Hapishanedeki tutuklular ve ben çok da farklı değildik sonuçta. Bilmek istemediğim bir şeyi fark ettim.
“Yönetici Müdür?”
“Ben iyiyim.”
Ben kendi kimliğimle yüzleşmeye çalışırken gardiyan yine yanıma yaklaştı.
Bir şeye ihtiyacım olursa onu arayacağımı söyledim ve yine buradaydı. Bu onun kasıtlı ihmali olmamalı. Eğer öyleyse, veliaht prens yüzünden miydi?
Onları bu kadar adanmış yapan ne söyledi? Bu neredeyse korkutucuydu.
“O değil. Ziyaretçi talebi geldi.”
“Ah.”
Neredeyse gözlerimi kapatıyordum, kaçınılmaz olana kendimi teslim ediyordum.

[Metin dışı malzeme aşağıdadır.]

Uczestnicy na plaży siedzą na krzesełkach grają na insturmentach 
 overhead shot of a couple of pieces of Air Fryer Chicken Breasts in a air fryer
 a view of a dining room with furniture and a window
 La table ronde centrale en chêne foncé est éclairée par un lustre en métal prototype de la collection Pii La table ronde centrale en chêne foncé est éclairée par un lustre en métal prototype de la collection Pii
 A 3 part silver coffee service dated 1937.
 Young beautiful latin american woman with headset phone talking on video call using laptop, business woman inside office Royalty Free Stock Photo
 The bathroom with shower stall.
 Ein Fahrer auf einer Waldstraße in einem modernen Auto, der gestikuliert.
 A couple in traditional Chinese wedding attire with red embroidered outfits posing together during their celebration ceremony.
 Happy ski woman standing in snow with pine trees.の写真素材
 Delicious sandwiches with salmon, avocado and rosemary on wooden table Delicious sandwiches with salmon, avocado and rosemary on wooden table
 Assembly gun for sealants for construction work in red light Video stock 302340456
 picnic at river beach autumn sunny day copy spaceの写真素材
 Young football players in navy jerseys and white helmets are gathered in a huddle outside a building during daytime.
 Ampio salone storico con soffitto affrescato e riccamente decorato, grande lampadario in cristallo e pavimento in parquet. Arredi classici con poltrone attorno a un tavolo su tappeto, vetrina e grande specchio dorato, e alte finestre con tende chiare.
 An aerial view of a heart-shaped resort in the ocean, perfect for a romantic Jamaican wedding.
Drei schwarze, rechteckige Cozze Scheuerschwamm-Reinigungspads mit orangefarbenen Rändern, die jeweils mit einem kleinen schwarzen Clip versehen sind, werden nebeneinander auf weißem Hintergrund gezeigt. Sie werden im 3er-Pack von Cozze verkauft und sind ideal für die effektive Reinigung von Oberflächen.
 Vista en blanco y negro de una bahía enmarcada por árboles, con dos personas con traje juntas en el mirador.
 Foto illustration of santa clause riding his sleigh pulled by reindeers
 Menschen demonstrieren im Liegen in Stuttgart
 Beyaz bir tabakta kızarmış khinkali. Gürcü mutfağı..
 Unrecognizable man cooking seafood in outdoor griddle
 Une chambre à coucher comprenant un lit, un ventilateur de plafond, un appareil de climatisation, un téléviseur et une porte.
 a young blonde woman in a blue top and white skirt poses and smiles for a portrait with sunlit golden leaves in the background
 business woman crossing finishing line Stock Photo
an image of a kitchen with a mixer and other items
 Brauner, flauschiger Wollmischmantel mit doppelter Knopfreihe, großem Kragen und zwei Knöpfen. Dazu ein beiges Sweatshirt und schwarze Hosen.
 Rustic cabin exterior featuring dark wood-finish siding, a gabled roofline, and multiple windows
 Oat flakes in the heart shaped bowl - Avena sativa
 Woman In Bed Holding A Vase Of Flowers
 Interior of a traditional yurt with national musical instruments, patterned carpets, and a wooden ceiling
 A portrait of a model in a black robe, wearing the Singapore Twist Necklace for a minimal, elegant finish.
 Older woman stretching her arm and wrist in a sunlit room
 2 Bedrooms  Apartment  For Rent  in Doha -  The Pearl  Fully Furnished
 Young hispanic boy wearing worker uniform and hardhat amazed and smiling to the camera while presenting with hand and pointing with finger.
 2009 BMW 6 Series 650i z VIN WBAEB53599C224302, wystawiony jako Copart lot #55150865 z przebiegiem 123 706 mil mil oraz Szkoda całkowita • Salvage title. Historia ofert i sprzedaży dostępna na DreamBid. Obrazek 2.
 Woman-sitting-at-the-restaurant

Bakan olmazdı. Dün benim iznim olmadan içeri daldı ve 'Bu Maliye Bakanlığı'nın işi!' dedi, bu yüzden bugün tekrar yapamayacağını söyleyen bir yasa yoktu.
Ama Bakan olmasaydı…
'Kim olabilir?'
Oldukça fazla olasılık vardı. Sadece Kıdemli Yönetici ve Yöneticileri sayarsak, yaklaşık beş tane vardı; 4. Yöneticiyi de dahil edersek, bu altı eder.
Ah, belki de bir grup olarak geldiler. Bu onlar için daha uygun olurdu.
“Hala sabah; bu hızlı oldu. Kim o?”
“Bu—”
Gardiyan sadece gözlerini başka tarafa çevirdi, sıradan soruma cevap veremedi.
…İşte o zaman içgüdüsel olarak anladım. Kesinlikle Savcılıktan biri değildi.
“Majesteleri, Büyücü Düşes.”
Ah.
'Ona burada olmadığımı söyleyebilir misin?' diye neredeyse ağzımdan çıkacaktı.
Ey deli, bir tutuklu hapiste değilse nerede olurdu?